Thursday, February 28, 2008

ACID Principles Applied to Testing

Sometimes you don't realize that you have built your house on a fault line. Then the tectonic plates shift and you are left in a pile of rubble wondering, WTF just happened?

I recently found myself in that very position, as it applies to testing applications. We had been focused on writing unit, integration, and functional tests and automating them for a .NET application that was really nothing more than CRUD but with some significantly complex business rules thrown in. We made some mistakes along the way though that finally came to a head earlier this week when 3 out of 3 of our builds were broken, we were running a day late in releasing an application to UAT and we had made a significant number of refactoring changes that could have very well broken 50% of our functionality, but we couldn't tell for sure. Amidst the rubble, I took a moment to reflect on what got us to that point so that I could share with you, kind reader, the err of our ways.

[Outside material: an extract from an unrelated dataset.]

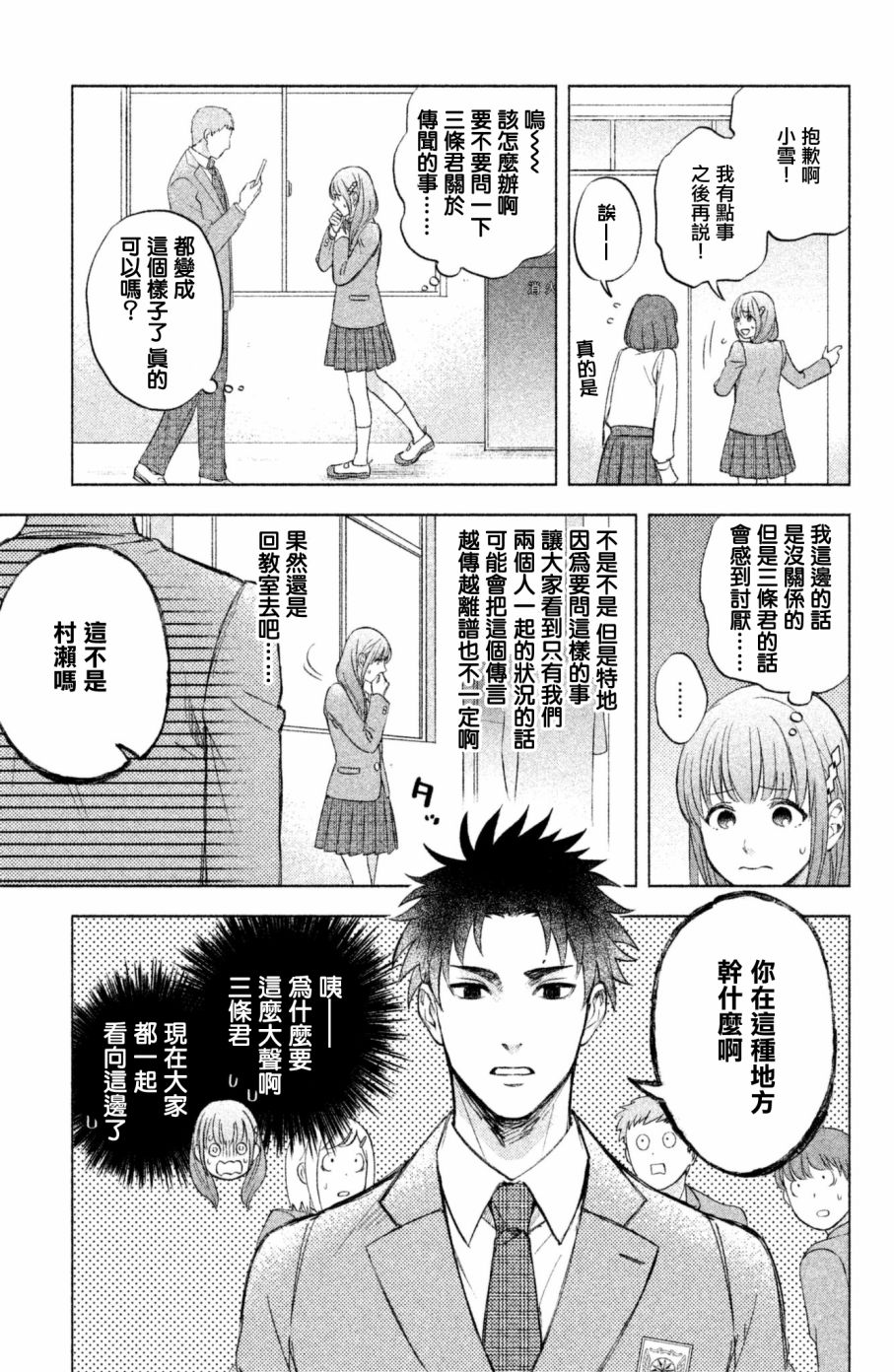 moment韩漫全集-第04话无删减无遮挡章节图片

Our biggest mistake in writing tests was not making sure that they were Isolated. I've always been kind of a persistence geek though, so I naturally started noticing how the ACID principles of database transactions apply so well to testing. For reference, the ACID properties are Atomic, Consistent, Isolated, and Durable, see wikipedia.

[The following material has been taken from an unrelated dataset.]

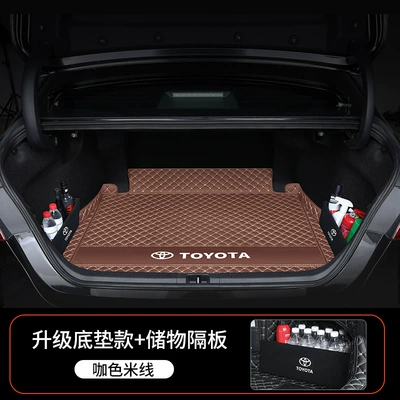 and Ninth Generations, Fully Surrounded by – Trunk Mat - upgraded-model-brown-bottom-pad-partition-default-item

Atomic - Can't be broken into smaller parts.

Good unit and integration tests should be atomic. Not so much for functional tests as they are typically the assembly of multiple atomic parts into one whole. The unit and integration tests, however, should be focused on testing one feature of any target. Nothing more, nothing less. This makes the tests cleaner, it makes uncovering causes to failures easier, and it helps to differentiate functional tests from unit and integration tests.

Consistent - Repeated execution results in the same outcome.

Consistency, or the lack thereof, typically rears it's head in the integration and functional tests and in my experience, the cause is often broken dependencies. Database integration tests mysteriously start failing because another developer went in and updated some data that your test depends on. Making integration tests consistent requires some work. Typically it involves automatically prepping a database with all of the values and foreign keys populated so that your test follows it's directed path. This can be made much easier with a framework like DBUnit in Java which preps and removes data as needed.

Isolated - Concurrent operations do not have an affect on one another.

As mentioned earlier, this one was a biggie for us. We found that any person running tests while the build was also running them, caused both to fail. This was due to some poor choices in how we were trying to cleanup after ourselves (blindly searching by a non primary key field that picked up data from other tests). The easiest solution in many instances is to use a pattern provided by the bright fellas over at Spring, and start a transaction in your setup method and then roll that puppy back in your tear down method. This allows everything running in that test to see changes made by the code (assuming it uses the same connection as your tests), but it removes the sometimes complex logic of undoing your changes by hand. Additionally, it ensures that even if the same two tests are running at the same time, each will be on a separate connection and totally unaware of the other's changes. See AbstractTransactionalContextTests in Spring.

Durable - Once successful it is permanent.

It should really take a change in business logic or interface design to get a test breaking once it's in a successful state. This goes hand in hand with the previously mentioned anti-pattern, so don't let data or systems outside of your control muck with your tests. Make your functional tests fully dependent on mocks, stubs, or dummies instead of external systems or databases. Make sure your integration tests are completely responsible for setting up all of the data that they need before running. This will lower the probability of environmental issues throwing up a false negative on your CI server.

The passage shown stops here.